Clergé et temples: Les prêtres de Malar prennent part à la chasse aussi souvent que possible. Ils la mènent de façon à ce qu’elle soit la plus dangereuse possible aussi bien pour la proie que pour le prédateur, en essayent d’y mettre un point final sanglant dans un endroit peuplé. Les gens du peuple n’apprécient pas de voir des loups désespérés, des bêtes éclipsantes et d’autres créatures de ce type pourchassés à travers leurs villes, et le plus souvent, ils détestent et craignent la foi de Malar – ce qui est précisément l’intention initiale. Le clergé malarite prêche aussi la beauté et l’offrande de la chasse et s’affaire à saboter l’expansion de la civilisation pour préserver au mieux la nature dans son état sauvage. A cette fin, ils organisent des expéditions et des actes de vandalisme, qui sont particulièrement populaires auprès des bandits et des jeunes nobles désoeuvrés. Les fidèles de Malar s’opposent aux cercles druidiques dédiés à Eldath, Mailikki, Sylvanus ou d’autres dieux équivalents, et à leurs alliés, comme les Ménestrels. Ces groupes encouragent et observent un équilibre naturel, que les malarites pensent être un obstacle au juste triomphe des forts sur les faibles.
Les temples dédiés à Malar sont rares, la plupart des Meutes se dispensant d’un bâtiment officiel en faveur d’une clairière ombragée dans la nature. Contrairement à la plupart des cercles druidiques, ceux destinés à d’adoration de Malar consistent en de longues pierres courbes comme des crocs, disposées en anneau. Dans les zones civilisées, où l’activité des malarites est considérée avec mépris, les lieux de culte sont cachés, par exemple au plus profond d’une caverne calcaire accessible uniquement à partir d’un puit situé au centre du cercle de pierres. Les passages souterrains tortueux servent de terrains de chasse, au travers desquels les malarites sans pitié peuvent pourchasser des proies intelligentes (en particulier des humanoïdes) capturées dans le voisinage.
La panoplie cérémonielle est composée de la peau et de la tête du fauve le plus impressionnant que le prêtre a tué de ses mains nues (habituellement un ours ou un grand félin, mais parfois un ours-hibou, une bête éclipsante ou une créature plus étrange encore). Les malarites portent un cor de chasse à la ceinture et ont plusieurs dagues glissées dans le ceinturon et les bottes, liées à leurs avant-bras ou cachées dans une gaine sous la cape, au niveau du cou par des cheveux, ou sous le bras. Une tenue forestière brune ou rouge est préférée lors des chasses, souvent dissimulée dans la journée par une cape tachetée de noir, de gris et de vert. Les prêtres cherchant à faire forte impression peuvent se parer de pendentifs d’os d’animaux, de crocs et de griffes, ainsi que de fourrures.
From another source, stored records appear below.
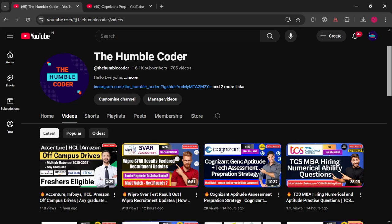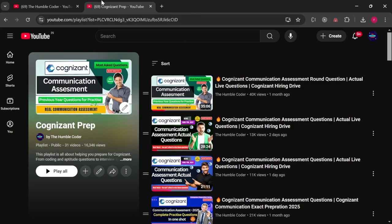So let's get started with the video. Also, before that, if you are new to my channel, make sure to subscribe as I regularly post these kinds of helpful videos. There is a complete playlist on my channel related to GenC preparation — make sure to check that, you will find a lot of helpful material over there too.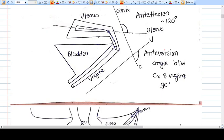We are continuing our series on pelvic organ prolapse. When we talk about prolapse, we mostly talk about the uterus, so the support of the uterus, the cervix, and the vagina are very important to understand — the mechanism of their support and how strong they are.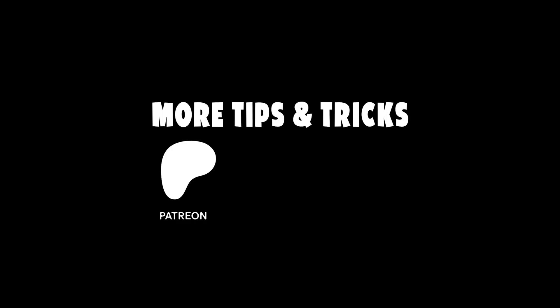If you found this tutorial helpful, don't forget to like, subscribe, and hit the bell icon for more quick and fun After Effects lessons here on One Click Motion.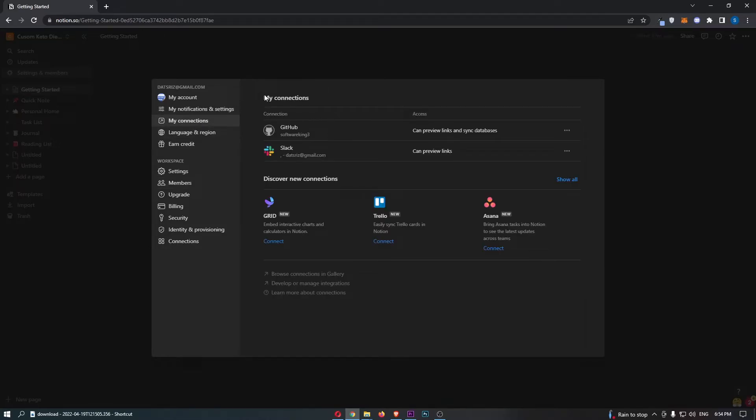First of all, this is going to show you all of the connections that you currently have at the top. And then in this bottom section, it's going to show you the new connections you can add.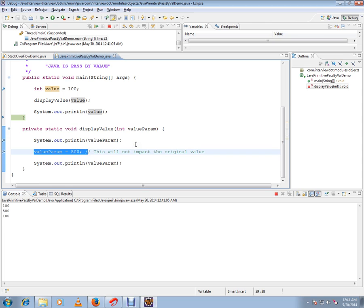If it's a reference, it's a different case - it will impact the called method value. Hope this video is useful. Thank you and all the best.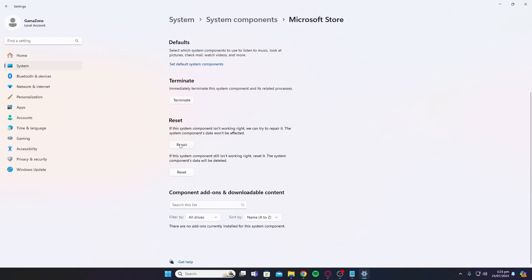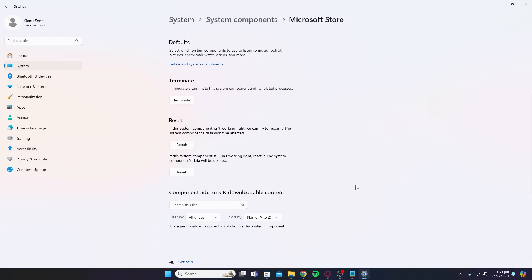The repair function fixes all the issues you're having with the application, in this case the Microsoft Store. You can also click on reset, and then you'll have to log back into your Microsoft account in the Microsoft Store. Once you've done that, it will be working just fine.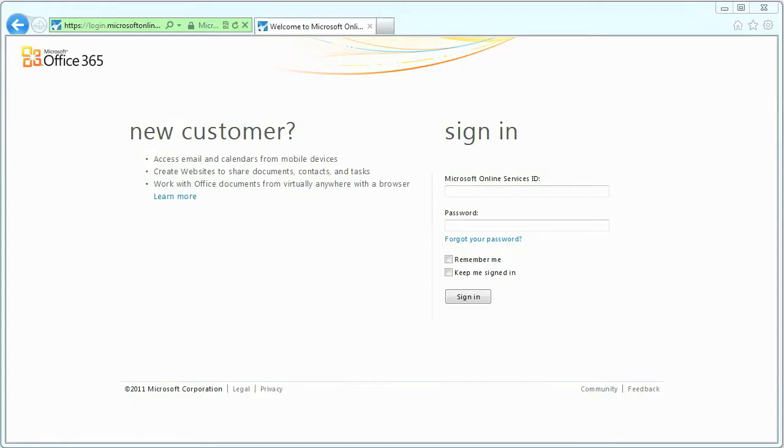In addition, you can reset your password, set up your Office 365 profile, and access online help.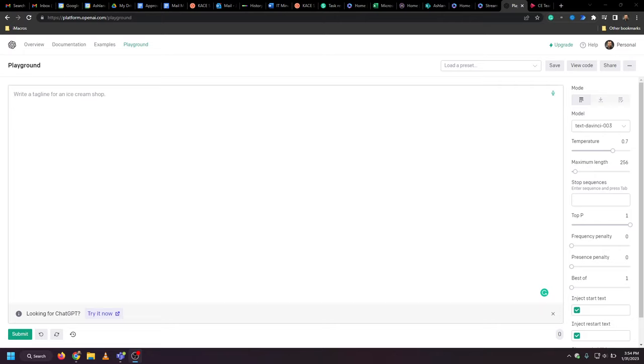If you've recorded a meeting in Zoom or Teams and have a transcript for that meeting,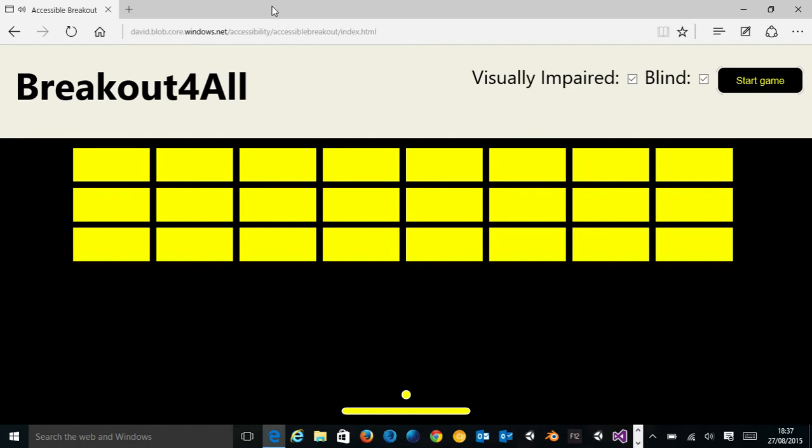The first time you load the game, you'll see this default stylesheet being loaded using high contrast visuals to help people with visual impairment still play the game.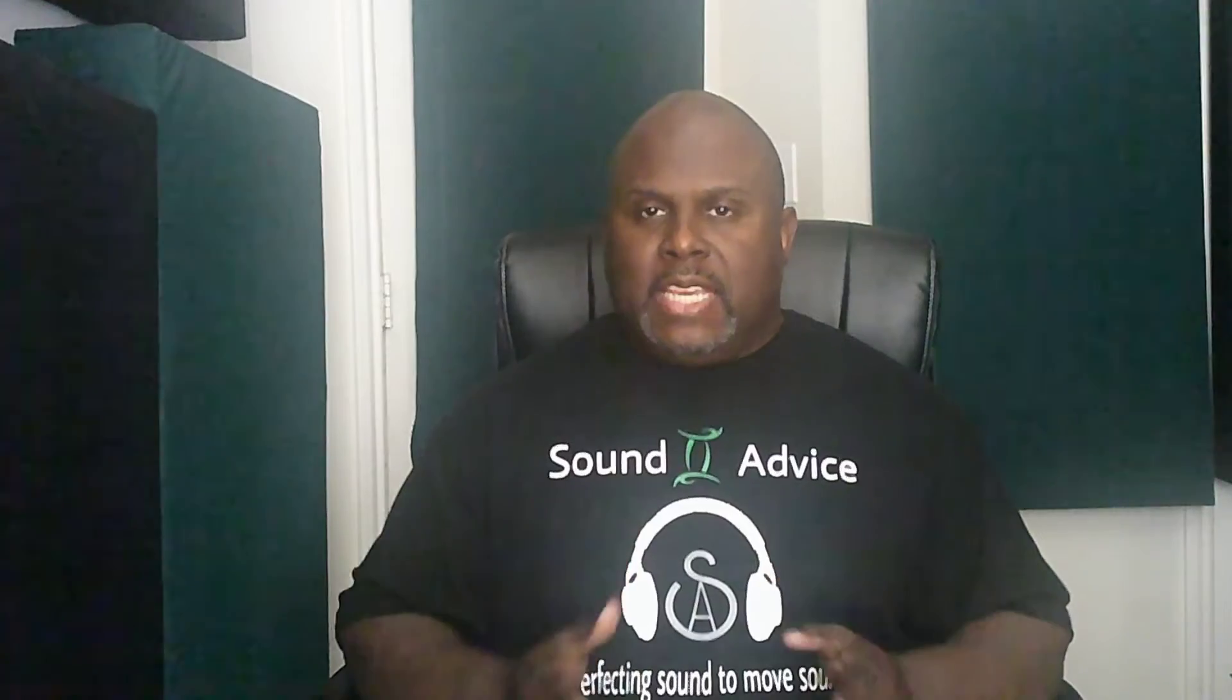Hi, my name is Jeff. Welcome to another edition of Sound Advice. And in this edition of Sound Advice, we want to tackle EQing with a purpose.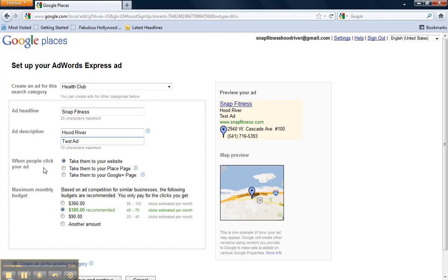And this is just going to depend on your goals and objectives. If you're looking to drive more traffic to your website, leave the first option selected. Otherwise, you might want to select driving people to your Google Place page.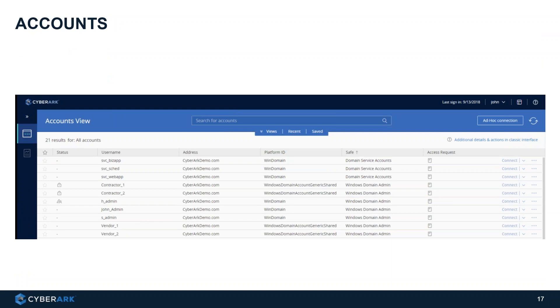Once those accounts are managed, when a user needs to log on, they no longer need to know the account's password. All they do is log on to CyberArk after being authenticated with two-factor authentication, with permissions granted from SailPoint. Once logged on, they see the accounts they have access to, click connect, and they're connected to the target device — everything is monitored, everything is recorded, everything is secure — and they can perform their function and disconnect when done.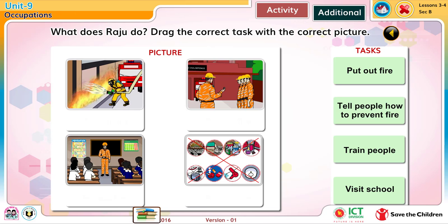What does Raju do? Drag the correct task with the correct picture.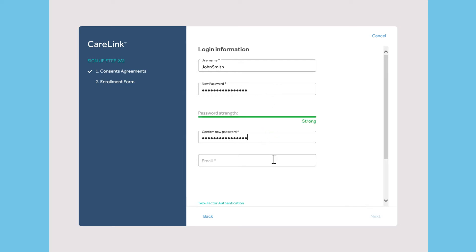You will need this information to log in to CareLink software from a personal computer and when you use applications that link to your CareLink account.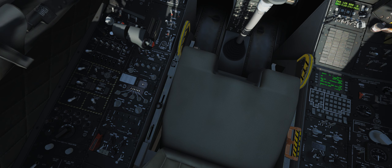Set frequency 05927. So as you can see, with this VoiceAttack profile you can command all of the communication radios on the A-10C, but I do have something in store for you later.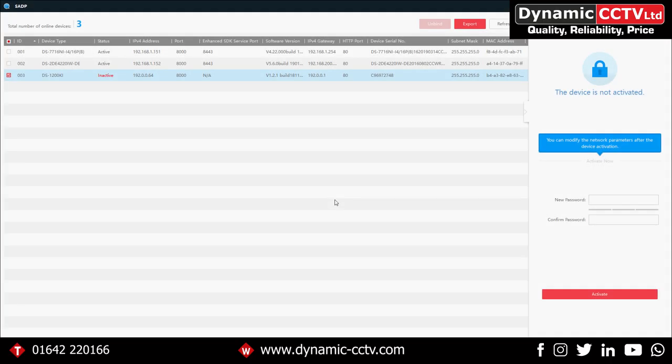Hello and welcome to another dynamic technical video. Today we're going to be looking at the Hikvision 1200Ki keyboard and how to set it up and use it.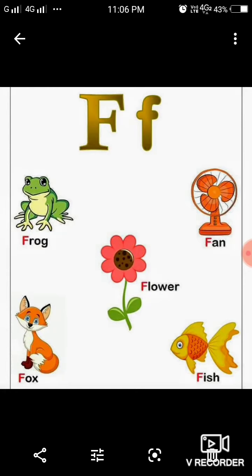Letter F. The sound coming from this letter is F. Frog. F. Fan. F. Fox. F. Fish.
L’organisation de l’Eglise de Malar est souple et sans aucune hiérarchie centrale. Elle est fondée sur le concept de la Meute et consiste en des cellules locales indépendantes. Cela rend d’autant plus difficiles les efforts pour la contrer ou l’éliminer, car aussitôt qu’un repaire de malarites est réprimé, un autre prend sa place. Les Maîtres Veneurs sont les dirigeants religieux informels de l’Eglise et peuvent être des druides, des rôdeurs ou des prédateurs métamorphes. Ils décident du lieu, de l’heure et de la proie des chasses rituelles des fidèles. Le titre de Maître Veneur est obtenu lors d’un défi – un combat à mort si le meneur précédent ne décide pas d’abdiquer.